We recently examined a COVID courtroom closure protocol and ratified a total closure during the pandemic. In United States v. Veneno, 107 F.4th 1103, 1112 n.1 (10th Cir. 2024), we considered whether an audio and video feed of an otherwise closed courtroom was a total or partial closure. No matter how the closure was framed, we ruled that it was justified. Id. at 1112. We noted that the district court, the parties, and the Supreme Court all accepted the COVID pandemic as an overriding interest. Id. at 1113 n.2 (citing Roman Cath. Diocese of Brooklyn v. Cuomo, 592 U.S. 14, 18 (2020) (per curiam)). We explained that given the overriding interest in protecting public health, the district court’s decision to close the courtroom to the public and seat the jury in the gallery was “eminently reasonable.” Id. at 1114. In short, “the district court properly analyzed the closure, correctly found an overriding interest justifying closure, appropriately determined the closure was no broader than necessary, and reasonably concluded no reasonable alternatives existed.” Id. at 1114. The defendant argued that the district court could

10 Appellate Case: 23-1021 Document: 117 Date Filed: 04/22/2025 Page: 11 have saved room for the public, the press, or his family, but we ruled that “[a]lthough the district court could possibly have made room for a few members of the public, doing so was not necessarily reasonable at the height of the pandemic.” Id. Even the dissent agreed “[t]here is no question the pandemic qualified as an overriding interest justifying closure.” Veneno, 107 F.4th at 1120 (Rossman, J., dissenting in part; arguing that the court should have allowed video access during voir dire).

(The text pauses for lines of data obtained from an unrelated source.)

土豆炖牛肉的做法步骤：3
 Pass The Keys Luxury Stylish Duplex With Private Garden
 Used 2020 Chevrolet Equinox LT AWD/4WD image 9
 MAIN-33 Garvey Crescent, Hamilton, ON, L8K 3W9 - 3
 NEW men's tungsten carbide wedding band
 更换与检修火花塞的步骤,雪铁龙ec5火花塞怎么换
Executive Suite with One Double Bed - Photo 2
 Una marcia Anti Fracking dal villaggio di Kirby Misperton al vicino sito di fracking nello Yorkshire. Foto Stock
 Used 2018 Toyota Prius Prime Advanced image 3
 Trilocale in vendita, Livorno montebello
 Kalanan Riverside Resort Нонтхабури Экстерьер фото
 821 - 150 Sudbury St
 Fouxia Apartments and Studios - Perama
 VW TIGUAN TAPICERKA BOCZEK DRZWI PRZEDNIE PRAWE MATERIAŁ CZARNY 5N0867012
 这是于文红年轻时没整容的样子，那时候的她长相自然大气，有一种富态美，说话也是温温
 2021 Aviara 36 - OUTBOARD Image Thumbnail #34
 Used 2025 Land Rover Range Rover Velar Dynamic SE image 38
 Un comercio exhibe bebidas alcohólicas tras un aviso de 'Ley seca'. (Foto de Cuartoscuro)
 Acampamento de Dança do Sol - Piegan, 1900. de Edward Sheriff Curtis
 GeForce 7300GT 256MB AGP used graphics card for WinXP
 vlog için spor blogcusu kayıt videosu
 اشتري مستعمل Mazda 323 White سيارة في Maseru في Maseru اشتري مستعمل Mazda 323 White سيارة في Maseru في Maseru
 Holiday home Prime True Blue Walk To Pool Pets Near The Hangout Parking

Those justifications apply here. First, the closure (after jury selection and opening) in this case is only partial. As we explained, a total closure occurs only when the court “excludes all persons besides ‘witnesses, court personnel, the parties, and the lawyers.’” Veneno, 107 F.4th at 1112 (quoting Waller, 467 U.S. at 42). Even a few attendees other than the parties creates a closure that is only partial. By way of contrast, in Presley v. Georgia, the trial court excluded the lone observer from voir dire and the Supreme Court treated that case as a total closure. Presley v. Georgia, 558 U.S. 209, 213–14 (2010). If excluding the lone observer creates a total closure, then it follows that allowing even a lone observer may render a closure partial. See United States v. Allen, 34 F.4th 789, 798 (9th Cir. 2022) (requiring “some form of visual access” including “only a small number of public attendees”).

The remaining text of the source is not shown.